A closer examination reveals a possible explanation for this potential outlier. In Versilia, Nice and Gothenburg, the
d1 extraction buffers intersect areas with a higher presence of POIs compared to those at
d0, resulting in richer 1200-m downloads (
Figure 5). Conversely, in Vienna, both
d0 and
d1 fall within uniformly dense urban areas, leading to more consistent retrievals across distances.
As highlighted in Anselmi et al. [
32], a key limitation in Google’s data retrieval mechanism lies in its cap of approximately 60 POIs per
PlaceType per request. Consequently, in high-density zones where specific categories surpass this threshold, the downloaded dataset underrepresents the actual amenity landscape available within Google’s full database. This limitation likely contributes to the non-monotonic behaviour of the Percentage Change function observed in Nice, Gothenburg, and Versilia—where the number of POIs retrieved at
d1 surpass those at
d0.
To illustrate this phenomenon,
Figure 6 presents the case of Versilia: while the
d0-centred areas show comparable POI counts among the 1200 m- and the 8000 m clipped- extraction, the peripheral
d3-centred area demonstrates a stark discrepancy, with the 8000 m clipped download capturing significantly fewer amenities than the localized 1200-m extraction. These patterns imply that Google Maps retrievals lose spatial consistency as the distance from the query centre increases, particularly when large-scale urban extents are involved. Alongside the ranking algorithm, which reflects user interaction with the platform, the spatial positioning of POIs relative to the requester—that is, the extraction point—emerges as a key element in the logic governing the retrieval of places in Google Maps.
5.2.2. Implications
Overall, these findings highlight a critical limitation in using Google Maps for urban-scale bulk downloads: broader-radius queries introduce distortions, especially at the periphery, due to algorithmic biases and ranking filters. In contrast, downloads with a smaller radius yield more accurate and spatially consistent datasets, although they may still be affected by additional category-related distortions, as highlighted by Anselmi et al. [
32]. OpenStreetMap, by comparison, shows no sensitivity to either radial extent or distance from centroid, confirming its internal consistency and suitability for uniform spatial sampling.
5.3. Semantic Divergence and the Representation of Key Urban Functions
This stage of the analysis examines how semantic categorisation influences the representation of urban amenities in OSM and Google Maps. A marker-based approach was used to assess the consistency, completeness, and spatial overlap of specific place types, focusing on how classification frameworks shape coverage and reliability. Three urban amenities—selected for their everyday relevance and relatively straightforward cross-platform mapping—were analysed: pharmacies (OSM value = pharmacy, GM place type = pharmacy), bookstores (OSM value = books, GM place type = book_store), and bars (OSM value = bar, GM place type = bar). Given the findings from
Section 5.2, the comparison was conducted within a 1200 m radius, where GM data had previously shown greater completeness.
5.3.1. Quantitative Trends
nsSMAPE values for these markers are often negative, indicating that OSM generally underrepresents these functions compared to Google Maps—contrary to aggregate patterns at larger scales. However, no consistent spatial trend emerges across the cities.
Figure 7 illustrates that the datasets are not simple subsets of each other: in most cases, there is substantial spatial divergence between the two sources, even when amenity counts are similar. Exceptions include bookstores in Nice, pharmacies in Versilia and Vienna, and bars in Gothenburg—though the latter displays notably sparse coverage. In contrast, spatial mismatch is evident in most other cases, including pharmacies and bookstores in Gothenburg, where the absolute counts are equal, but locations differ.

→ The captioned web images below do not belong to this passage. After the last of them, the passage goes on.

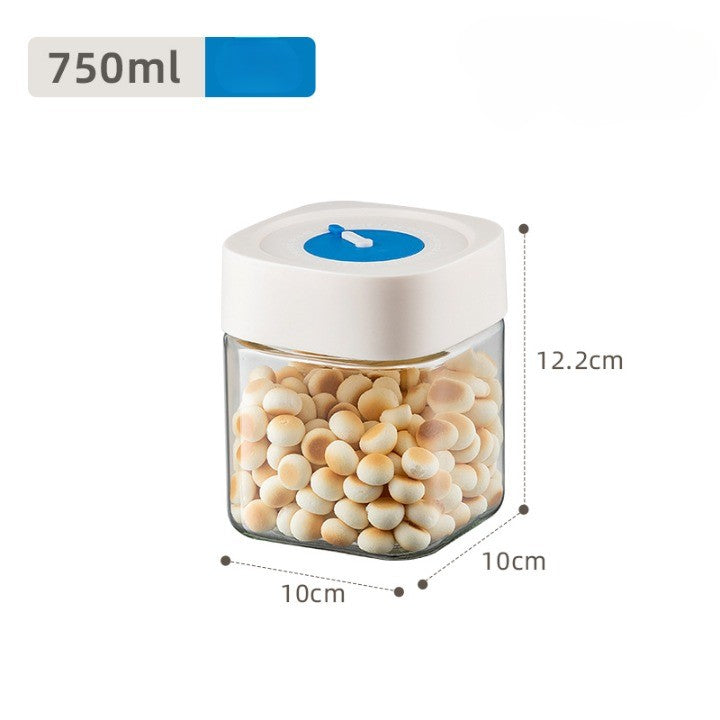 Borcan din Sticla de Inalta Calitate, Klevo, Capac Ermetic, Uz Casnic, Depozitarea Condimentelor sau a Alimentelor Umede si Uscate, 750 mL, 10x10x12.2 cm, Alb
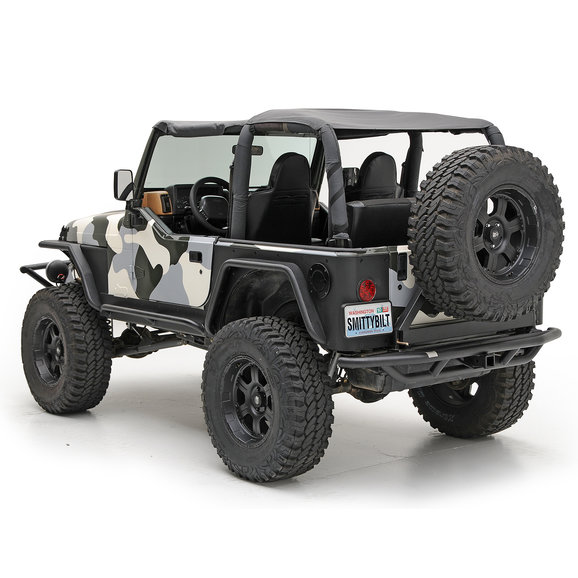 Smittybilt Rear SRC Bumper with 2" Receiver & Swing Away Tire Carrier in Textured Black Smittybilt Rear SRC Bumper with 2" Receiver & Swing Away Tire Carrier in Textured Black for 87-06 Jeep Wrangler YJ, TJ, & TJ Unlimited
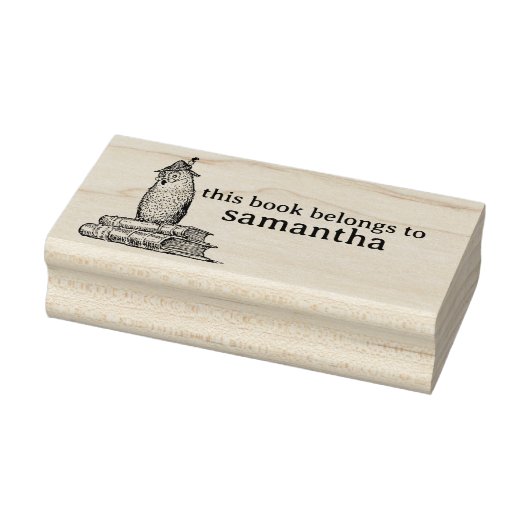 Smart Uil met boeken Dit boek behoort tot Rubberstempel (Stempel)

Among all cases, Versilia exhibits the highest average SMAPE values, driven by a significant underrepresentation in OSM across all three categories.
5.3.2. Semantic Complexity
Although the three selected markers—pharmacies, bookstores, and bars—may appear semantically unambiguous, closer inspection of the categorisation systems used by OpenStreetMap (OSM Map Features) and Google Maps (Google Maps Platform) reveals notable divergences. While both platforms provide taxonomies, these are neither mutually aligned nor internally consistent. As a result, one-to-one correspondence between categories is often unattainable in practice, despite superficial semantic similarities.

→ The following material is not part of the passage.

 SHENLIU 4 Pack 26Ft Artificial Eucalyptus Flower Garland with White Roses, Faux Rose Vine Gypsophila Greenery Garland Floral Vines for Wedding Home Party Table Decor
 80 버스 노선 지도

This complexity stems from several factors. As noted by Biljecki et al. [
33], variations in language, cultural context, and socio-spatial interpretations shape how amenities are perceived and tagged. For instance, the category “bar” may encompass vastly different establishments across countries and platforms—ranging from cafés to nightclubs—leading to inconsistencies in visibility, classification, and retrieval.
Table 4 details the entries associated with each selected marker across the platforms. Bookstores exhibit consistent, unique tag associations in both databases. Pharmacies show moderate variation, with some extended forms (“pharmacy+”) leading to higher counts—particularly in Vienna, where the broader interpretation results in a near doubling of retrieved data. Bars, however, reveal significant semantic divergence. Their classification encompasses a wide array of related place types, leading to inflated results: in some cities, retrieved bar data are three to four times higher when using extended tagging schemes (
Table 5). The case of Gothenburg is especially illustrative. While bookstores and pharmacies display minimal variation across platforms and classification schemes, bars exhibit high
SMAPE values and substantial numerical discrepancies. Under an extended categorisation, bar-related entries are nine times higher in Google Maps and up to seventeen times higher in OSM.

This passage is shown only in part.